╭──
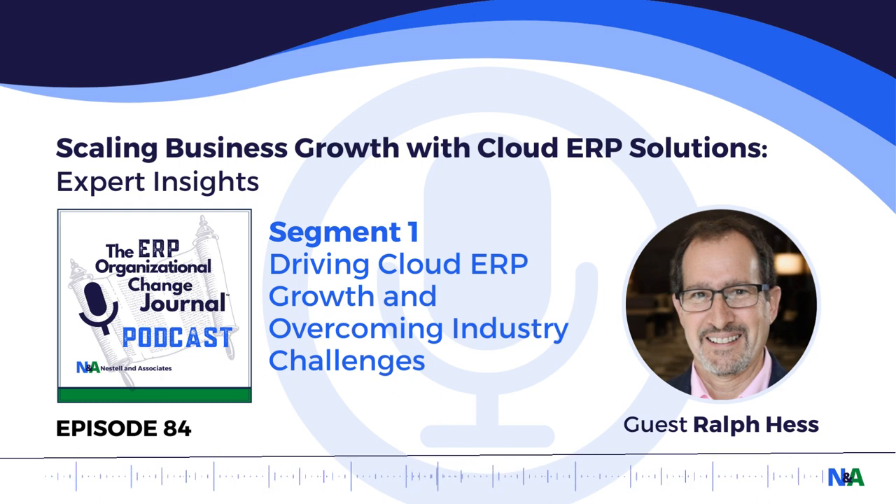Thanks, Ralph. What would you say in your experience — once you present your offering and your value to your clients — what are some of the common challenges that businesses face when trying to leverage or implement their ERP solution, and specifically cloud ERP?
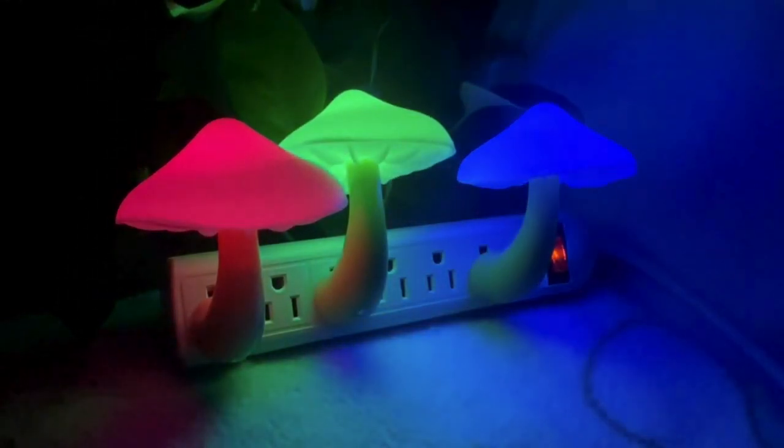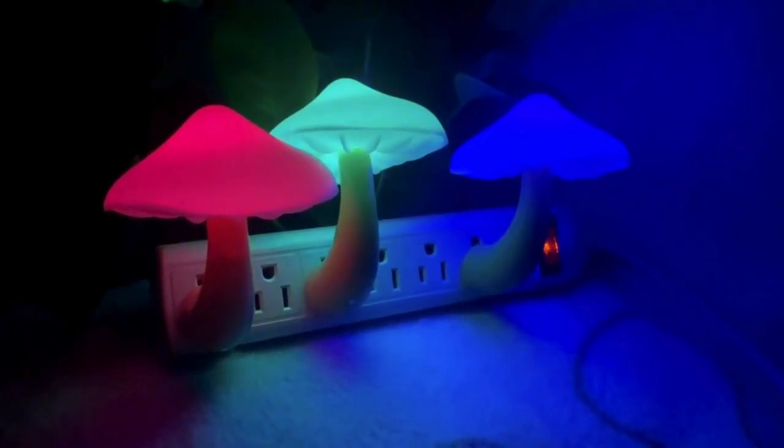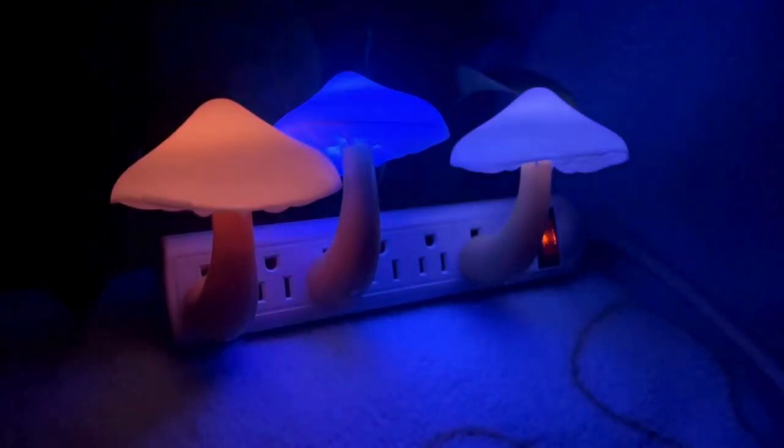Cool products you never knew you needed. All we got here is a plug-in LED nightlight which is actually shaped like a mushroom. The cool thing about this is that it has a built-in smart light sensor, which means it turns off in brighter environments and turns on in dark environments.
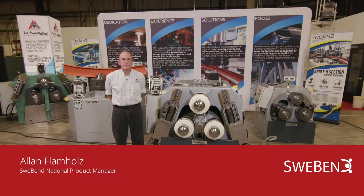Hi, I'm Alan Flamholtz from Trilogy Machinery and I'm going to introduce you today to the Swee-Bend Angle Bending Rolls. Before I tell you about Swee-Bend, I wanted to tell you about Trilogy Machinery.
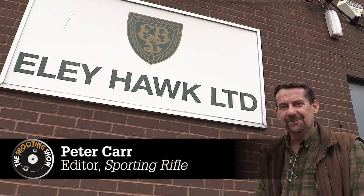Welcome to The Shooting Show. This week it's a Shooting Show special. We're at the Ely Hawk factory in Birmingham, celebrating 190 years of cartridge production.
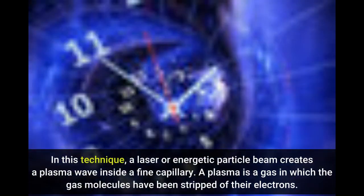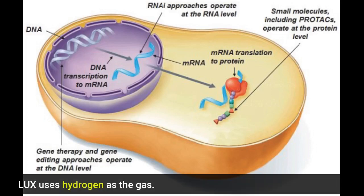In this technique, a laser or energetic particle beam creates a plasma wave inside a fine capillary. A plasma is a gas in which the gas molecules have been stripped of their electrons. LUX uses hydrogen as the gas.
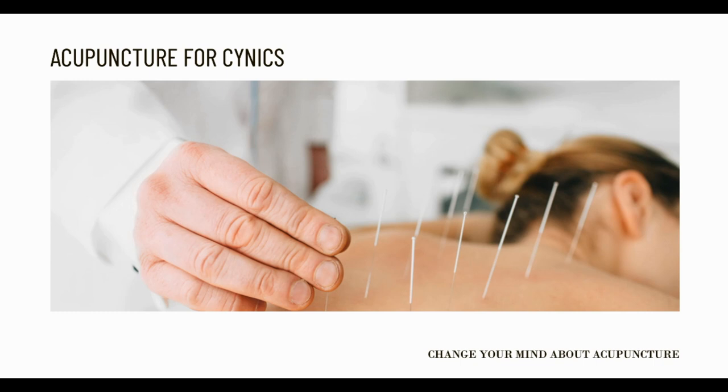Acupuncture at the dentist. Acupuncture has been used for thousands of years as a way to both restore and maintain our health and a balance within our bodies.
╰──
Description of the task:
Leaving out all pictures, set down exactly the lines of the material above, from the line with "Cool products you" to the line with "Hi, I'm Alan" inclusive, and no others.

Response for this exercise:
Cool products you never knew you needed. All we got here is a plug-in LED nightlight which is actually shaped like a mushroom. The cool thing about this is that it has a built-in smart light sensor, which means it turns off in brighter environments and turns on in dark environments.
Hi, I'm Alan Flamholtz from Trilogy Machinery and I'm going to introduce you today to the Swee-Bend Angle Bending Rolls. Before I tell you about Swee-Bend, I wanted to tell you about Trilogy Machinery.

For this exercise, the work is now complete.